Uber Data Breach - Industry Comment from Arbor Networks
November 2017 by Arbor Networks
Following the news that Uber has been involved in a data breach that has effected 57 million customers and drivers, and paid the hackers $100,000 to delete the stolen data, the comments from Darren Anstee, Chief Technology Officer at Arbor Networks.
“Customers trust companies to keep their data secure, but it is a sad reality that hackers can sometimes get through. How a brand or company reacts to this scenario can be the difference between long-term reputational damage and a renewal of customer trust.

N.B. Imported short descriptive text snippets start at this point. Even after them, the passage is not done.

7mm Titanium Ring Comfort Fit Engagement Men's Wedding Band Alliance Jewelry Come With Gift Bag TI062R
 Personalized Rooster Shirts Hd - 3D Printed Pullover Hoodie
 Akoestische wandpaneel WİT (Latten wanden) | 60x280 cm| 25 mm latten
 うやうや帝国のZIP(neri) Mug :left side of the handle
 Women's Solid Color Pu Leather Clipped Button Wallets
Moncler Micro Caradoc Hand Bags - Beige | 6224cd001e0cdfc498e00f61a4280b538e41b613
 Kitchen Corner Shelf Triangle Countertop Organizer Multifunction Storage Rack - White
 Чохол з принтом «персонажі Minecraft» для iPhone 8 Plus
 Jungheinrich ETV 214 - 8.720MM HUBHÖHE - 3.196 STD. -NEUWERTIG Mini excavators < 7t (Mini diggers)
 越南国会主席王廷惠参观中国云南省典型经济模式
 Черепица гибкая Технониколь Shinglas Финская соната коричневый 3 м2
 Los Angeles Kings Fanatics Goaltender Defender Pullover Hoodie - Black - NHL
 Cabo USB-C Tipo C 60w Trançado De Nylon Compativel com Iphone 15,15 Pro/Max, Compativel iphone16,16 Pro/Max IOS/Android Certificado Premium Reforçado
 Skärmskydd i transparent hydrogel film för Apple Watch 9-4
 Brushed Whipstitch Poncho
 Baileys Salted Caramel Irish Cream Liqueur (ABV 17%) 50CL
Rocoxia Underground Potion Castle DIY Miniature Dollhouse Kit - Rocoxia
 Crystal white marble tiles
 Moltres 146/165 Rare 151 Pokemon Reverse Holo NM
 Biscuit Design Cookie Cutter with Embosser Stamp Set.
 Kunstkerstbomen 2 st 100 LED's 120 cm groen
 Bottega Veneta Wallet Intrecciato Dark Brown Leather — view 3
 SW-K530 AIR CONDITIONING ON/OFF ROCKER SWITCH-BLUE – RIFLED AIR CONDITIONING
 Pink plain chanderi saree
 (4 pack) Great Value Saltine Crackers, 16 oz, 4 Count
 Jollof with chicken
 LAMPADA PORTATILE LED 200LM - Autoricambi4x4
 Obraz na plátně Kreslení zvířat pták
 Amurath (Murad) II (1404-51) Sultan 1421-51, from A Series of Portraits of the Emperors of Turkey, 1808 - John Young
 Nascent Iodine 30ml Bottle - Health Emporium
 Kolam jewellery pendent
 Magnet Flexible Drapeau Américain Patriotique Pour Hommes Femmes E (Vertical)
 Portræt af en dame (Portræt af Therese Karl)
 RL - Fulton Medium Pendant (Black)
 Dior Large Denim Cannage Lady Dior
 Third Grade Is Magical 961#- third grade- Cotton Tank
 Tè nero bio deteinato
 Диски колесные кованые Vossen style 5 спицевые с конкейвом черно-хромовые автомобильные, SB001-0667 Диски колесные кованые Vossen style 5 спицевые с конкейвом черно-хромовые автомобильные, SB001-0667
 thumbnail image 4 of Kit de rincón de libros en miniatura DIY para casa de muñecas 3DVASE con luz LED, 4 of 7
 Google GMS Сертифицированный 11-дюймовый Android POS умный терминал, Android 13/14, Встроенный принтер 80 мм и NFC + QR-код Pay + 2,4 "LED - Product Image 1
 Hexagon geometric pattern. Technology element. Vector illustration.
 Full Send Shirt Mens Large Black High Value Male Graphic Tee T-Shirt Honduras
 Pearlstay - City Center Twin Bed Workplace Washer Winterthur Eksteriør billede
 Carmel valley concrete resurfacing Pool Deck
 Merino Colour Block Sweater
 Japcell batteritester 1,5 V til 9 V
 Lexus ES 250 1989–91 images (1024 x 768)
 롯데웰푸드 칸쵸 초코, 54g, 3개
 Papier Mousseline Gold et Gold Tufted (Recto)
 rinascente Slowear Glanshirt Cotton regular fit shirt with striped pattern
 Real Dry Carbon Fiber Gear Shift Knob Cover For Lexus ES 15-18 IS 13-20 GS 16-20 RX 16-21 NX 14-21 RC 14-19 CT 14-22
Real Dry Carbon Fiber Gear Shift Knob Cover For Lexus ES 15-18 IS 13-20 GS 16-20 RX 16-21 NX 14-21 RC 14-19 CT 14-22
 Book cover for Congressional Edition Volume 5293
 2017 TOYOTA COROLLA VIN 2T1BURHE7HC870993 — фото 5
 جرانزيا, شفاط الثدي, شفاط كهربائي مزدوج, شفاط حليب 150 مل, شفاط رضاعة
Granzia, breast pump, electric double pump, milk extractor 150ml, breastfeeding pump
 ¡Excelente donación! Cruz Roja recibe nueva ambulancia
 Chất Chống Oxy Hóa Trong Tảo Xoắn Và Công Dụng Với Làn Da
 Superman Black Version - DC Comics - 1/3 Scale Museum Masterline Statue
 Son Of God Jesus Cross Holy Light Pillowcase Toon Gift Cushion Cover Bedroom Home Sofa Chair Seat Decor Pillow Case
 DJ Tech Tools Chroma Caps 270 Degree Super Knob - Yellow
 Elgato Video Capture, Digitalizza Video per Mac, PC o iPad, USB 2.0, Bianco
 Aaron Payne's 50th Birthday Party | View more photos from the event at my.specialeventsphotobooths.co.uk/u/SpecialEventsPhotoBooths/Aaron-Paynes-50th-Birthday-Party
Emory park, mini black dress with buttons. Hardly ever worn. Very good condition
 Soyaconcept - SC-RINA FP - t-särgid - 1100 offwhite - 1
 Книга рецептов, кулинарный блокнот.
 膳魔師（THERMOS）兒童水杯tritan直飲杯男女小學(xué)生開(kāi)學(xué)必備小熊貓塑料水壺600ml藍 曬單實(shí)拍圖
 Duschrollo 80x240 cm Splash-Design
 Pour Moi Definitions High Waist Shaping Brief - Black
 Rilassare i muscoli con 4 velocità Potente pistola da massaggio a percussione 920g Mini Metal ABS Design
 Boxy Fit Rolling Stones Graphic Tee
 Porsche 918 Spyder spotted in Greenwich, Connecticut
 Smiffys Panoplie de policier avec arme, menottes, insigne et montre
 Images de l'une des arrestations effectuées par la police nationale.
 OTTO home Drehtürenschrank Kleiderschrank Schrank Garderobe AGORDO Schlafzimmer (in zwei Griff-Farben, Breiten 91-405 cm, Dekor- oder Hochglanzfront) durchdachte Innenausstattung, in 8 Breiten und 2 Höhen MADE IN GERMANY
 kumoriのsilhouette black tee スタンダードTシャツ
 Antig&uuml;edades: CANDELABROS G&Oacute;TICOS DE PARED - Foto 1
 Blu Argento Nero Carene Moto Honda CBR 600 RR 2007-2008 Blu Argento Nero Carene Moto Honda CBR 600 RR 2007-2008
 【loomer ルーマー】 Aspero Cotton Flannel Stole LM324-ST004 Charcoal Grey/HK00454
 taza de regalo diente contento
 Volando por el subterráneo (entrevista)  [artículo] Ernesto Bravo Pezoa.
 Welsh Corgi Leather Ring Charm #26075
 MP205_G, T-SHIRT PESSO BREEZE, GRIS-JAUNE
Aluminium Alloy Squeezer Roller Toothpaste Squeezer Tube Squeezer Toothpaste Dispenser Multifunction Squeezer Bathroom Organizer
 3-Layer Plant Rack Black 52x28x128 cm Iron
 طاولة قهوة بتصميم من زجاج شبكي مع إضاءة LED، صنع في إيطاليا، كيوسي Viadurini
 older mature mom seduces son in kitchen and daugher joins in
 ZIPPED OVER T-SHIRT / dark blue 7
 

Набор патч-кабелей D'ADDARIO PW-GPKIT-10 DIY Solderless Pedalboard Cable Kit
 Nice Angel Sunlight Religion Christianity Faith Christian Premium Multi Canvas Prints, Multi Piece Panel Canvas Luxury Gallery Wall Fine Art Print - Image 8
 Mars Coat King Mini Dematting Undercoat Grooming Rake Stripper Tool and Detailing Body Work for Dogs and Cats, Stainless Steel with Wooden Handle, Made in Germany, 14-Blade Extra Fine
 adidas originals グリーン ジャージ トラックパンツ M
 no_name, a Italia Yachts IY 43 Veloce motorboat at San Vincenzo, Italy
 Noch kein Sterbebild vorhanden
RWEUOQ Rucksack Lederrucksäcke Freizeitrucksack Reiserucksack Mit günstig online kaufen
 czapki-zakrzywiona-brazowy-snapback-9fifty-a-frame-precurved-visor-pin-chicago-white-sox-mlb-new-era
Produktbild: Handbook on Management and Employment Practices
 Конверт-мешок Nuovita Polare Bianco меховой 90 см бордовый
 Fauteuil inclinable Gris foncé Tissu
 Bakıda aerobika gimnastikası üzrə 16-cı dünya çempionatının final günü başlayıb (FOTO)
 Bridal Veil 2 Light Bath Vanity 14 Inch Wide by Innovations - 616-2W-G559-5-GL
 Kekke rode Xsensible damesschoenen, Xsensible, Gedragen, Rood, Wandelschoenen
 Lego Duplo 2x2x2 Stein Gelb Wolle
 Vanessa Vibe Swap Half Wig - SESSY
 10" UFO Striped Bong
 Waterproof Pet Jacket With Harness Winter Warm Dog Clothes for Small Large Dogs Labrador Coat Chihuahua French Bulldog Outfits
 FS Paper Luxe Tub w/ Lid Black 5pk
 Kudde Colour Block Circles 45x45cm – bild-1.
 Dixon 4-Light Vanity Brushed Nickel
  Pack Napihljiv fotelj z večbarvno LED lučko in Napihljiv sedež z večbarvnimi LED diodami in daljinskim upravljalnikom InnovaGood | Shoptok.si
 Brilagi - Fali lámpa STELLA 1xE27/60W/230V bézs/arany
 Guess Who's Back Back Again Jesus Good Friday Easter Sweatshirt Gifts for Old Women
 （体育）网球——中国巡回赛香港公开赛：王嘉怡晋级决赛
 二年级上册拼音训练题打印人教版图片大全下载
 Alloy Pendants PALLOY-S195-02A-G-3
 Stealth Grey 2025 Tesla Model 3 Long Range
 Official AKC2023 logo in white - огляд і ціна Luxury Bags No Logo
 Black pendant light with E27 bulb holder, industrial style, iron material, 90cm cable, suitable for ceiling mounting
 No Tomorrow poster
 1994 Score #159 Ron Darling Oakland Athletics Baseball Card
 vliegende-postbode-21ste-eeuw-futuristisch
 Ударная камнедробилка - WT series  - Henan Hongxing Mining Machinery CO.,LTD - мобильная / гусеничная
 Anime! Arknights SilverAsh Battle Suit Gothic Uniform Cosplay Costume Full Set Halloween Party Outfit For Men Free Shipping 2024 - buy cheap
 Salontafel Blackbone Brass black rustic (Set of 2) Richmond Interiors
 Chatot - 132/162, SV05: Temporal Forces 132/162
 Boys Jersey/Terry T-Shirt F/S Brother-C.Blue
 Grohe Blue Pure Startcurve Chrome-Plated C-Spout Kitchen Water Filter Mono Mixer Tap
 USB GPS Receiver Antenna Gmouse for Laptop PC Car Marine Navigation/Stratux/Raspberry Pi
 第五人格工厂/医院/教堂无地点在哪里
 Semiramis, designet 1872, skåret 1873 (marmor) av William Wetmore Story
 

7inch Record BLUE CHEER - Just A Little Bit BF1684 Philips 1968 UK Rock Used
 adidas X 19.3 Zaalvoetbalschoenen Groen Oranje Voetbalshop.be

“Uber’s failure to disclose this hack might have seemed the best course of action at the time, but, as today’s headlines show, the priority must always be to notify customers as soon as an accurate picture of what has occurred emerges. This empowers customers to take steps to secure their own data, such as updating passwords if they have used similar credentials for multiple services. Companies can then communicate what steps they are taking to prevent a breach reoccurring. In this instance, Uber had an obligation to tell customers, and they also had an obligation to disclose this breach to the government. Uber should take this opportunity to re-examine their policies and ensure their guidelines help foster a good cyber security culture within their organisation.
“What’s particularly unsettling about this situation, is Uber’s willingness to pay hackers to keep quiet. Such financial rewards could set a dangerous precedent that might encourage more attacks in the future. The good news is that, from next year, GDPR will compel companies to report such data breaches. There will be no hiding, so companies must ensure their processes are up to scratch. What is important is that companies proactively implement technologies and processes that manage the risk this regulation is designed to address, instead of taking minimal action just so they can comply.
“The impact of data breaches can be significant, with knock-on effects on the business itself, customers and/or end-users. Businesses need to make sure they minimise their risk appropriately, and have a plan in place for if something goes wrong.”